A number of limitations may have influenced the findings of this study. The self- or informant-reported questionnaires were excluded from the majority of analyses given the significant differences in effect sizes compared against psychometric tests and experimental tasks. In addition, only accuracy-based measures were included in the analysis with all reaction time variables excluded given the direction and specification of the reaction time variable to EF can be unclear.
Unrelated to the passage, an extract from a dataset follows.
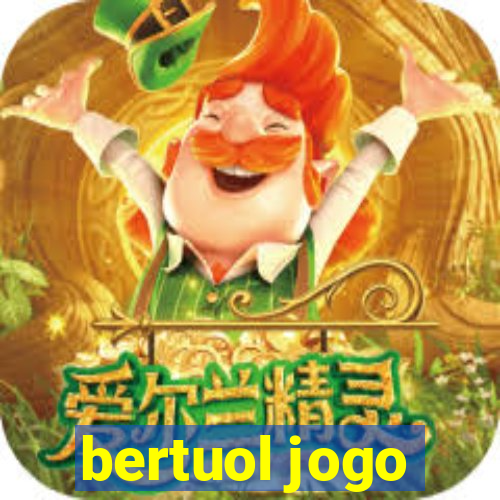 bertuol jogo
Furthermore, we did not explore the impact that intraindividual variability within the spectrum may have on the observed findings. Finally, although we attempted to consider a comprehensive number of moderators, there remain a number of factors that may influence EF in ASD. These may relate to task characteristics (for example, task complexity, open-ended vs structured task format20) or participant characteristic including symptom severity, emotional states (for example, depression/anxiety) or comorbidities (for example, attention deficit hyperactivity disorder). Anxiety in particular has been noted to have a strong association with poor EF performance in ASD populations.40

Conclusion and further directions

In this meta-analysis we conducted an evaluation of the role of EF in ASD, including an assessment of a large range of potential moderators. Our findings, across a large number of research participants with ASD, suggest there is an overall effect of executive dysfunction and this applies evenly across individual domains, where moderate effect sizes were observed. Predictions of a differential profile of executive dysfunction based on subdomain performance were not supported and our review of moderators mostly returned null results. Taken together, these findings suggest that ASD populations are impaired in EF, but this reflects an overall and not fractionated impairment in EF performance and may be best accounted by the observed aberrant long-range and local over- and underconnectivity between brain networks in ASD. Further work is needed to identify feasible and sensitive EF general markers for use in diagnosis and clinical trials. Given the stability of EF performance in ASD across neurodevelopment, early intervention may provide the best opportunity to alter trajectories over the lifetime to improve outcomes for people with ASD.